Some Gateway piece of trash. At the time I thought it was amazing, naturally, but looking back.. wow.
Commodore 64, but the electronics teacher beside me had a Vic 20 with a tape drive we'd play with and he built a Timex Sinclair, I think that was it. Or maybe it was a Healthkit. I don't know. I've also owned or used a Commodore 64 with a GEOS operating system, Commodore 128, IBM XT, AT, etc. up to WIN 11, Apple II with and without hard drive, Apple GS (both terrible machines), Atari 800, MAC sans hard drive , MAC II, MAC LC, Amiga 500 and 2,000, a Video Toaster 4000, and a Video Toaster Flyer. The Amigas were the most impressive machines. Here's the back of a Toaster: It consisted of the main desktop box, three monitors, time base corrector, 3 D animation, and a video switcher, all in 1990! The Flyer had a separate tower that housed, I think, four extra hard dives .
I first worked on a computer in 1962. It used soldered directly onto the circuit boards, with each board in a rack, like a giant chest of drawers. The whole thing was the size of a small house. With more than 7.000 valves soldered directly, replacement was a nightmare, not to mention the 40kW of heat the machine developed. It was decommissioned and scrapped after less than 3 years. Being owned by the UK government, one drawer was sent to the science department of every school in London and computer studies were added to the curriculum.

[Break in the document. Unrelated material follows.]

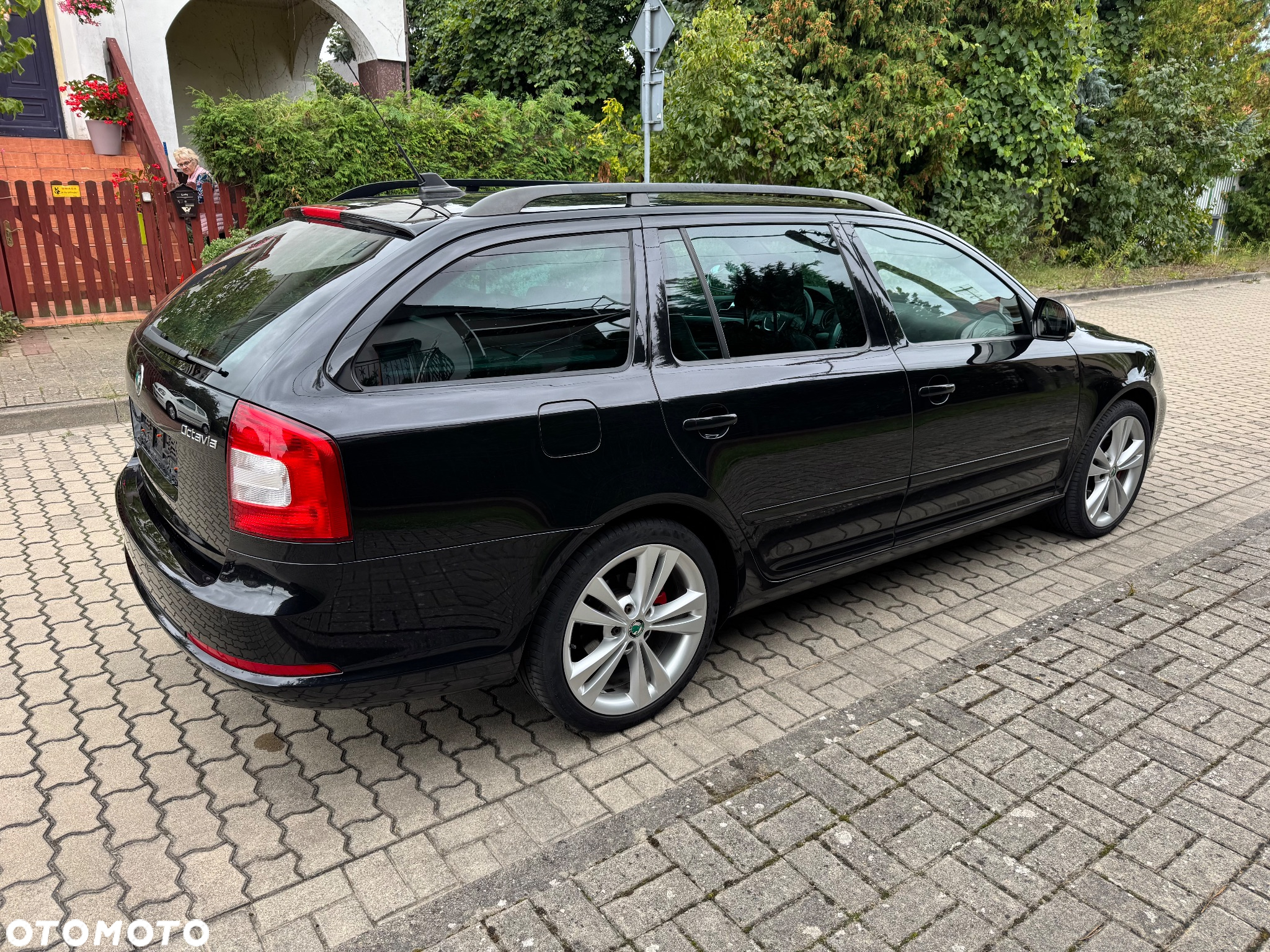 Skoda Octavia Combi 2.0 TDI DPF DSG RS - 8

the first one that was mine that worked was an ohio scientific c1p, the second was a vic 20. the c1p was mem filled to 8k and expansion port hand wired to the osi back plane, left over from an attempt to build the osi 400 system. the vic 20 was mem expanded to i think it was 28 or so 'k' with an expander bus the could manually switch between rom mondules as well. drives were still too expensive for the osi, but for the vic-20 (the 'manrule' that came with it called it a vic-1001) there was a unihammer printer and later a pen plotter, and finally a 5inch disk i could afford. and i even had a modem, 300 baud, acoustical coupled. ma bell still wouldn't like you wire anything to their system, unless it was theirs for a big price. both came with basic in rom and nothing in the way of an actual opperating system. during the time i had the vic 20, i was also gifted with a coco-term which had its own modem. both used adopters to use a household tv as a monitor. clunky character graphics and monotone. local dial up boards and compuslurve. also dow. never got around to joining the well.
Mine was a used Kaypro laptop, one of the first laptops. The kaypro was also one of the first to use 3 1/2 inch floppies. I would first have to load programs from floppies into RAM for them to run each time. It had a docking station too! I even have a picture of me on a Caribbean beach (probably Anguilla) sitting on the sand, using it, in 1996. That pic is probably one of the first digital nomad pics ever!!! Of course we barely had the Web then, yet that was the start of Hippy.com and later Hip Forums which came out of that.
I had nothing to do with computers until 1995, when I was living with a woman twenty years older than me. She was much more interested in all kinds of stuff. Sounds silly but to stay with we picked up an old ZX Spectrum and a few games from a yard sale. Had fun with that for a while. Then moved on to a Commodore Amiga (500?) and finally met a nerdy guy locally who got us a Windows PC and internet access, back in the days of dialup !modems etc. Late starter but progressed fast, you could say..
Gateway 386-16 with a math co-processor. I had built a few for my department and had some available to me, but this was my first personal computer.